Allerdings war es auch Green, der Durant am stärksten rekrutierte, als dieser 2016 Free Agent war. Beide sind eigentlich gut befreundet. Ob diese Beziehung nun Schaden davongetragen hat? Das wird die Zeit zeigen, aber schon im vergangenen Jahr wirkten die Dubs oft gelangweilt und rauften sich erst in der Postseason zusammen, auch wenn die Situation nun ein wenig anders ist.
Bedroht Durant-Frage die Warriors-Dynastie?
Eine gewisse Schuld trägt dabei natürlich Durant, der anders als in den vergangenen Jahren seine Zukunft komplett offen lässt. Vorbei sind die Bekenntnisse, wie toll es sei, in der Bay Area zu spielen, entsprechend schwebt die Free Agency KDs wie ein Damokles-Schwert über der kompletten Organisation, die eigentlich optimistisch in die Zukunft blicken sollte, zieht man doch im kommenden Jahr in eine brandneue Area in San Francisco.

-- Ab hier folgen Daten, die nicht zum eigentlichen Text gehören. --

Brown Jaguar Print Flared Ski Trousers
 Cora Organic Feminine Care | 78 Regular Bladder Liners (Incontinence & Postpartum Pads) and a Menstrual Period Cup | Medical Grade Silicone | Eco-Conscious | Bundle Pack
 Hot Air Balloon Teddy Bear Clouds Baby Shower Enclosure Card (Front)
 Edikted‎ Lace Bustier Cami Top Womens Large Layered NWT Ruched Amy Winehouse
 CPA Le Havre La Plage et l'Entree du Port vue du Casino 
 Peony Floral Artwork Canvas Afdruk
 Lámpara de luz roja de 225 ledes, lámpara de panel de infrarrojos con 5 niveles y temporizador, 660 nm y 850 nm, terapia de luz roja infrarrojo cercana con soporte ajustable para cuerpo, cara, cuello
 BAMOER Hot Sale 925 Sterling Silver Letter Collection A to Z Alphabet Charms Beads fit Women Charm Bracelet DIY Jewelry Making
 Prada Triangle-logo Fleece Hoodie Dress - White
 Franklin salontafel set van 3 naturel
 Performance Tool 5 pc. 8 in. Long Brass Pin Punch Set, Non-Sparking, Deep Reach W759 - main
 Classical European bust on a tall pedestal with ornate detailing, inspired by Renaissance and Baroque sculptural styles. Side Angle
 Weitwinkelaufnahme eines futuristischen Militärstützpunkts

Dass die Warriors Green für den Vorfall mit einer Spielsperre bestraften, die den ehemaligen Defensive Player of the Year satte 120.000 Dollar kostet, könnte auch als Zeichen des "guten Willens" in Richtung KD gewertet werden. Der Bestrafte soll gemäß Marcus Thompson (The Athletic) ziemlich überrascht von der Spielsperre gewesen sein.
Die Situation ist ohnehin einmalig in der Geschichte der Liga. Die Warriors befinden sich inmitten einer Dynastie, sind das vielleicht beste Team der Geschichte. Freiwillig hat noch nie ein Topspieler in einer solchen Lage seine Zelte woanders aufgeschlagen. Durant könnte der Erste werden, einiges deutet im Moment zumindest daraufhin.
Thompson: Wir können uns nur selbst schlagen
Bis zum Juli bleibt aber noch jede Menge Zeit. Dass es hin und wieder krachen wird, ist nicht auszuschließen, aber gerade Curry und Thompson hielten das Team zumeist zusammen. "Wir wollen alle gewinnen", machte Thompson nach dem Hawks-Spiel deutlich. "Darum gibt es auch mal Streitigkeiten, weil wir besessen vom Gewinnen sind. Wir sind, glaube ich, das einzige Team, das uns schlagen kann."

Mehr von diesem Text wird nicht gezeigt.